Their opinion on the ICC proceedings, though, seems somewhat at odds with their statement that “meaningful justice will undercut the prospects for a durable peace,” because it’s the international community’s justice and the Ugandans’ peace. Most of the arguments I’ve seen in favor of criminal punishment at the international level, especially against the will of the victims, center on deterrence rather than peace or even closure. It’s arguable that instead of “peace worth having cannot rest on impunity,” what Keppler and Dicker really mean is “peace in Uganda should, if necessary, be sacrificed to ensure that whoever’s running Nepal ten years from now doesn’t take it in his head to commit atrocities.”
The trouble, of course, is that criminal penalties only deter when they’re reliably enforced, and international criminal justice isn’t even close to reliable. The fact that Kony and his top aides have been hit by the ICC’s lightning – and it’s just about that random – isn’t likely to deter anyone from doing anything. To my mind, that tilts the moral equation pretty decisively against the international community overriding the stakeholders’ wishes, although reasonable minds can no doubt disagree.
Juba, Southern Sudan
I’m not sure when I started noticing, but I haven’t seen a story datelined simply “Juba, Sudan” in a long time. Evidently the press is treating Southern Sudan as a de facto independent country already, and they’re probably not far wrong. I’d guess that the powers that be consider the referendum a foregone conclusion at this point, which might mean that Khartoum and its local proxies will try to hang onto Darfur even more tightly in order to keep some of the oil. The Chinese concessions reach into Darfur as well, which means that come 2011, China will be treading a fine line between Juba and Khartoum. I fear we’re in for interesting times.
“the much-longed-for return to their lands and farmsteads of 1.5 million or so Ugandans”
How do you imagine this is going to happen? When was a displaced peasantry last restored to its previous condition?
Consider some of the examples of such processes. Tanzania post-independence had a “kijiji” policy including what amounted to an internal passport system, to restrain peasants from leaving land from which they had not yet been displaced. It worked for a time. Zimbabwe at present is trying to resettle people and even to drive them out of towns. Is it working? South Africa’s land restitution programme is resolving itself towards the creation of a very few black capitalising farmers, and on the other hand a rentier situation of entitlement similar to some US situations in “Indian reservations”.
The “longings” of displaced peasants are conflicted and contradictory. Such contradictions are the source of millenial movements like the LRA (or Alice Lenshina’s Lumpa Church movement long ago in Zambia, for example).
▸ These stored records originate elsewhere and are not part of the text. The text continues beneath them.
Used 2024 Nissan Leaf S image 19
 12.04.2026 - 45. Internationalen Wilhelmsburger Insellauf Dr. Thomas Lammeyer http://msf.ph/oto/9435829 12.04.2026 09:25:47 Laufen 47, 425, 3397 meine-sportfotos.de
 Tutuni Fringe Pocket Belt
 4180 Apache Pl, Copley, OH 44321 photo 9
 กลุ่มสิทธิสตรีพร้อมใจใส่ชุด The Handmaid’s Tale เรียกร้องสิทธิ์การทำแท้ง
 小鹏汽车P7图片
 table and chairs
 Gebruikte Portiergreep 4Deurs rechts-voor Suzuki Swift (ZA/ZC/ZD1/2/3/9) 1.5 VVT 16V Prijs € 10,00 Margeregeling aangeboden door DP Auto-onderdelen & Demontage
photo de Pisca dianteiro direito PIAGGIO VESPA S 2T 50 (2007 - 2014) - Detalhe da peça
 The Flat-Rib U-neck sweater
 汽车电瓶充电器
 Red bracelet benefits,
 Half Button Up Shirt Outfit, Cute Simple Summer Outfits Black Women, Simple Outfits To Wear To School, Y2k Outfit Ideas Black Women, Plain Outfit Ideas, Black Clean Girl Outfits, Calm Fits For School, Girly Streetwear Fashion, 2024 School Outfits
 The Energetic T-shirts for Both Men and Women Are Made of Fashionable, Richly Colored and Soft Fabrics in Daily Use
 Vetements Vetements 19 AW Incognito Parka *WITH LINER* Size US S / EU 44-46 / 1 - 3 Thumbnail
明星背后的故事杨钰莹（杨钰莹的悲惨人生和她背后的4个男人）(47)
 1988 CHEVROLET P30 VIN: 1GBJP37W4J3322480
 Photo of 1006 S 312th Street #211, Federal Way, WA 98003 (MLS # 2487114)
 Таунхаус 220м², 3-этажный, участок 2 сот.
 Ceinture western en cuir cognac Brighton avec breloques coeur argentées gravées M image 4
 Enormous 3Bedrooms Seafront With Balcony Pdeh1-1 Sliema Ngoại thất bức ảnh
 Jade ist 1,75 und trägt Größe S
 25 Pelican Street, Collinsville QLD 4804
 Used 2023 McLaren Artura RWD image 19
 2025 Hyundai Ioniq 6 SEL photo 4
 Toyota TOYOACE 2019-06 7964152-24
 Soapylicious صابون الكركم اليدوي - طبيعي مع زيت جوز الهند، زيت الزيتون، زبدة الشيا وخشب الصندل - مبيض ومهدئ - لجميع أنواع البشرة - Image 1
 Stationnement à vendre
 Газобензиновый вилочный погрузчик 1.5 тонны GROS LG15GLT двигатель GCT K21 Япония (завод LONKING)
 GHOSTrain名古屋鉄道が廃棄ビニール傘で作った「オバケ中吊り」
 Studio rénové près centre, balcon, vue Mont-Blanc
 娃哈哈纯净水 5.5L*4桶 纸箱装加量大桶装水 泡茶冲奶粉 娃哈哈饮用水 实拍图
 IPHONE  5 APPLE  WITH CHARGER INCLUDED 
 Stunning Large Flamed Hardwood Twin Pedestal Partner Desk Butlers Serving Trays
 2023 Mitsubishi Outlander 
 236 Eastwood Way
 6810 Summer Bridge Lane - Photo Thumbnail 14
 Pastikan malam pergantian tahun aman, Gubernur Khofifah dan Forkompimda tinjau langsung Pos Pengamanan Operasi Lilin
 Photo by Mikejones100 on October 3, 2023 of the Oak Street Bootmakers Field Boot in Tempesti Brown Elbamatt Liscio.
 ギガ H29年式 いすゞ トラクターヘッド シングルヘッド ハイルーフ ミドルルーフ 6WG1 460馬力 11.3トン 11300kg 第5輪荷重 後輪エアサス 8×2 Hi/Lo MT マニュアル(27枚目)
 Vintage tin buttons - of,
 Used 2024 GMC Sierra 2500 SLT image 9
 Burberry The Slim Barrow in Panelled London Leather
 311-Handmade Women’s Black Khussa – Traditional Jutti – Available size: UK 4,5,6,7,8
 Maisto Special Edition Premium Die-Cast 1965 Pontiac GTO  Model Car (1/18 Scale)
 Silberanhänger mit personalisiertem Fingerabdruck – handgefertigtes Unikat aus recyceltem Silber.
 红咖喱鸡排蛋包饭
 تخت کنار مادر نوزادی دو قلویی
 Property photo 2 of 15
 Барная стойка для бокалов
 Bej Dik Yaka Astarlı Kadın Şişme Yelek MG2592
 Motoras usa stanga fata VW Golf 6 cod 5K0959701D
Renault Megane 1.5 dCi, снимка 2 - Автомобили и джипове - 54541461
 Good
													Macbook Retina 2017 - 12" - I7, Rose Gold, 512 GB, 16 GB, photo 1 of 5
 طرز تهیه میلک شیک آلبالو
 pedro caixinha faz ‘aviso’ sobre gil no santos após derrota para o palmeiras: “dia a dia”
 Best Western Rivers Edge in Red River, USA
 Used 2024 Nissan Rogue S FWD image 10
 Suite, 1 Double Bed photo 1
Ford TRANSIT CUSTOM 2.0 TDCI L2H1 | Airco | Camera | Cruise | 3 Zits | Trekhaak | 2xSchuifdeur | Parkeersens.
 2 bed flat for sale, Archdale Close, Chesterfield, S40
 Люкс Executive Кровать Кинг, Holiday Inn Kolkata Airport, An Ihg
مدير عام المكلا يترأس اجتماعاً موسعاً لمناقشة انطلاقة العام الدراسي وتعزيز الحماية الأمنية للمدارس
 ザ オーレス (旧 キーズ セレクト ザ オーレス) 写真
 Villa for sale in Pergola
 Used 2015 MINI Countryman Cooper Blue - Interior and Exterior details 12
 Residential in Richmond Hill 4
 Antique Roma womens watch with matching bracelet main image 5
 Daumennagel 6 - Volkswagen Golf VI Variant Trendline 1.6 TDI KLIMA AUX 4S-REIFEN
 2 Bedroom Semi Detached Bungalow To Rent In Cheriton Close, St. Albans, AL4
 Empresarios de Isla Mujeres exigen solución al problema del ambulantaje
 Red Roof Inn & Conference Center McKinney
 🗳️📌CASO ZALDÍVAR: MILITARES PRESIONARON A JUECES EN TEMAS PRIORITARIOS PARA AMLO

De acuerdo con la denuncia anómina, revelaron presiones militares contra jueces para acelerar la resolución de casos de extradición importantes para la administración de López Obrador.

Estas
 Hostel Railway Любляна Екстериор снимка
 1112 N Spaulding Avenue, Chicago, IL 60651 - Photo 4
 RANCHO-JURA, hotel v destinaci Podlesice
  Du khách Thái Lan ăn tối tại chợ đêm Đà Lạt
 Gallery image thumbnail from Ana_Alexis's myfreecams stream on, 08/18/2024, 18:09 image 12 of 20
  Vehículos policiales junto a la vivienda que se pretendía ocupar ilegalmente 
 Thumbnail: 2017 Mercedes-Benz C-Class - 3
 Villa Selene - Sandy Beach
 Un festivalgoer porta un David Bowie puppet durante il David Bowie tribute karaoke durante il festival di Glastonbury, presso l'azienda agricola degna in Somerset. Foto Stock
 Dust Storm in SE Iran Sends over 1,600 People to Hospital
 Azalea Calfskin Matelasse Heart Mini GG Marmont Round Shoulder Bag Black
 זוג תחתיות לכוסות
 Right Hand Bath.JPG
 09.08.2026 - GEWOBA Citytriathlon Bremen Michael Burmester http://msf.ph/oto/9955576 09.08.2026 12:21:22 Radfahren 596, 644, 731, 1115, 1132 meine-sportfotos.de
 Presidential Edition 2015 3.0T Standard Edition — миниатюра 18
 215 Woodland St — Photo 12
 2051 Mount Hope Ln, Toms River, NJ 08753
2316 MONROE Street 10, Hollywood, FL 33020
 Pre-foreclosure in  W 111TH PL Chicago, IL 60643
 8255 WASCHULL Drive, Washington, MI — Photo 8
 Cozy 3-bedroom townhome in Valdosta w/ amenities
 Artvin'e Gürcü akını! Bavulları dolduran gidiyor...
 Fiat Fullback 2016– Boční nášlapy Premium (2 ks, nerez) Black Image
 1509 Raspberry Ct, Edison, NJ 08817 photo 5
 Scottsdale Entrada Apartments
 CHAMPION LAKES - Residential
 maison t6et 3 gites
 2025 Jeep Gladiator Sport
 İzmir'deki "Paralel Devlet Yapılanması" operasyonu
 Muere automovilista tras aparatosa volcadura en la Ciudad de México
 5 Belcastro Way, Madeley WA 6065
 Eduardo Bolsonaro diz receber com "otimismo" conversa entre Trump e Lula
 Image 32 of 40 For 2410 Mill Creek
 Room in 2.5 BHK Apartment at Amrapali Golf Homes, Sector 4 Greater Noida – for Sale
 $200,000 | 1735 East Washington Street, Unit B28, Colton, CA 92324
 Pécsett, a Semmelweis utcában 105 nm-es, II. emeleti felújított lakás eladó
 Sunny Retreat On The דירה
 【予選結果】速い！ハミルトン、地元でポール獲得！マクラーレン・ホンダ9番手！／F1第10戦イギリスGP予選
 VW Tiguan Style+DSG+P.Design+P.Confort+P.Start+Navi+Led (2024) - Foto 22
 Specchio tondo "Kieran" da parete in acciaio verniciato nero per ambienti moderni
You (Helena and Jonathan) are not taking this into consideration at all. The abstract discussion about “justice” helps not at all.
In an Imperialist world, the prospects of successful management of historical changes among peasant populations are bleak, and you should admit this, in my opinion. The problem begins with the factor observed by Karl Marx in the “18th Brumaire”: that the peasantry is inherently like a “sack of potatoes”, with no intrinsic overall social organisation except the occasional “sack” that locates them willy-nilly together. The relatively successful more successful (but still problematic) transitions of peasantry in India and China have been managed externally by national-bourgeois and proletarian powers, respectively.
Now consider the present concrete condition of Uganda, and its place within the Imperialist neocolonial arrangements.
What chance have these Acholi peasants really got?
Let’s look at some of the history. Acholi and (now Kenyan) Luo people speak the same language and have lived in similar circumstances since before colonial times.
Far from being simply a reservoir of anachronism, the Luo-speaking people have a long tradition of generating intellectuals, revolutionaries and internationalists of a high order.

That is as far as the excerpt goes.